* Dataset entries

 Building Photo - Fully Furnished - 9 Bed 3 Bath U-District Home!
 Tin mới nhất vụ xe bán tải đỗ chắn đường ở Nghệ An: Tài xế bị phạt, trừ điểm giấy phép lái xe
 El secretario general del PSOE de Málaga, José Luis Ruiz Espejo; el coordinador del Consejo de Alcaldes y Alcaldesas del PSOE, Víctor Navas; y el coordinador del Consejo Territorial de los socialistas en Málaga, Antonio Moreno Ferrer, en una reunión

---

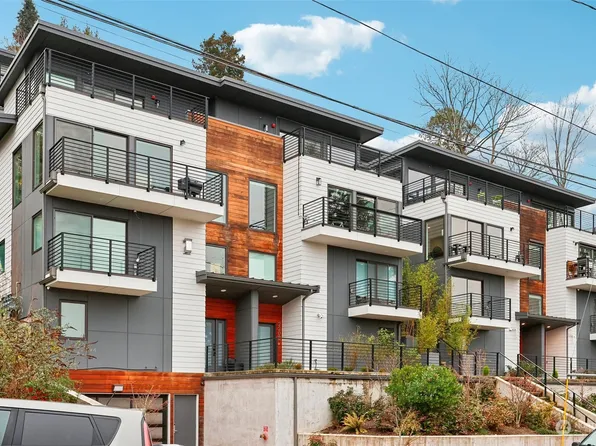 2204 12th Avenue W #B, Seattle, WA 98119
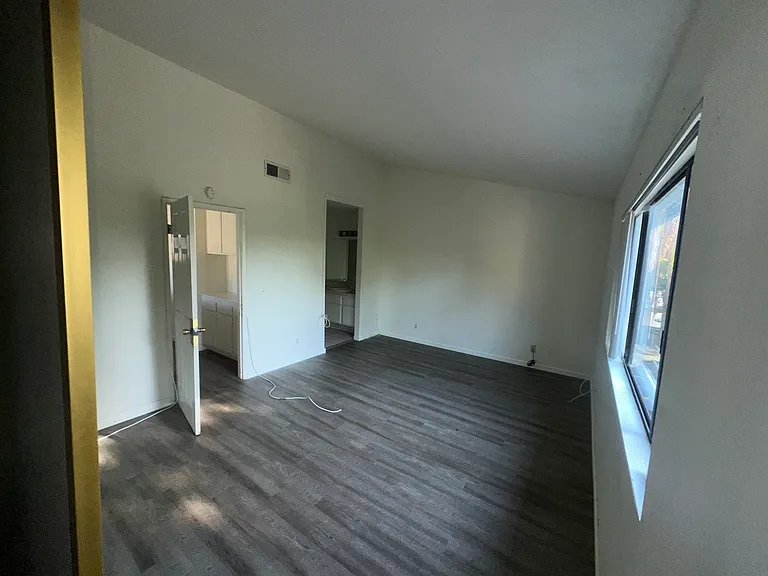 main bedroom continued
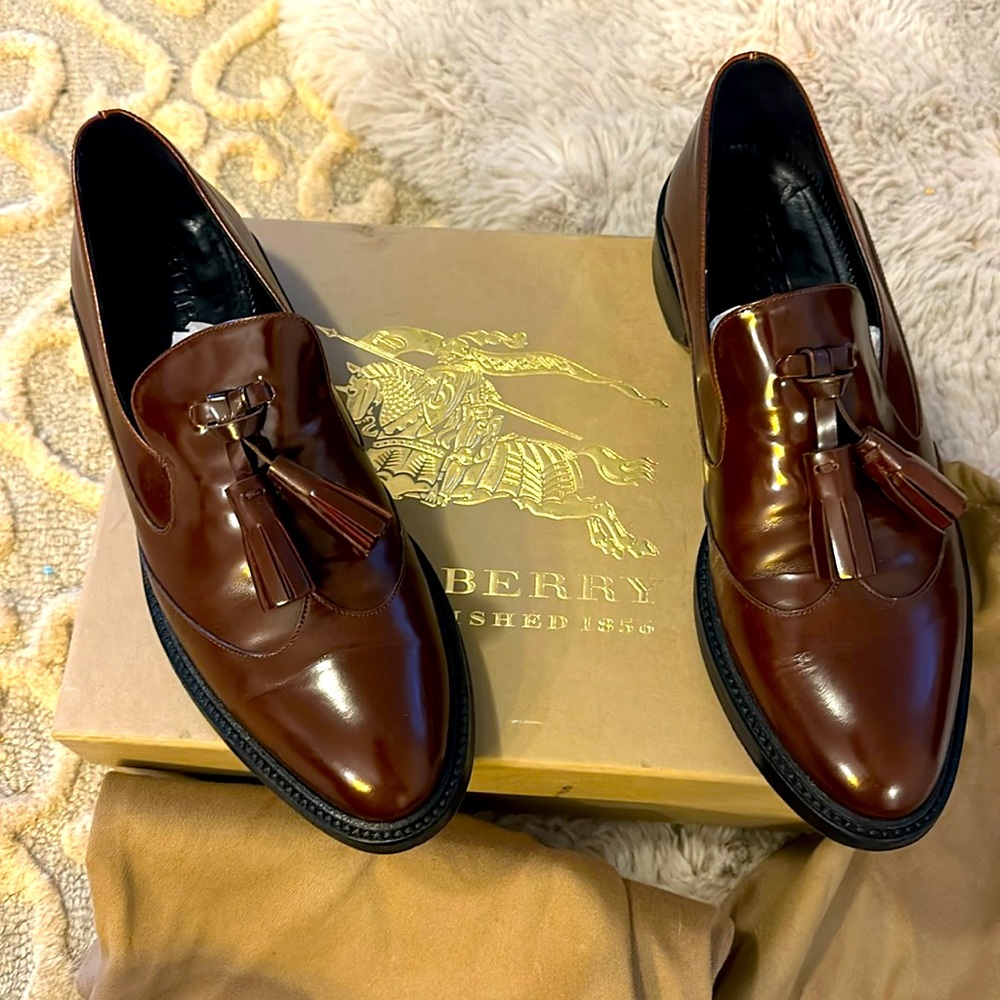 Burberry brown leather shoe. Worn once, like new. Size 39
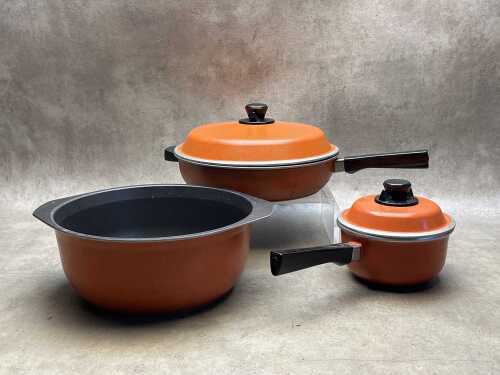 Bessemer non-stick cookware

* Activity
Leaving all pictures out, output exactly the lines of the material above from the line with "Burberry brown leather" to the line with "Bessemer non-stick cookware", both included.

* Result of the task
 Burberry brown leather shoe. Worn once, like new. Size 39
 Bessemer non-stick cookware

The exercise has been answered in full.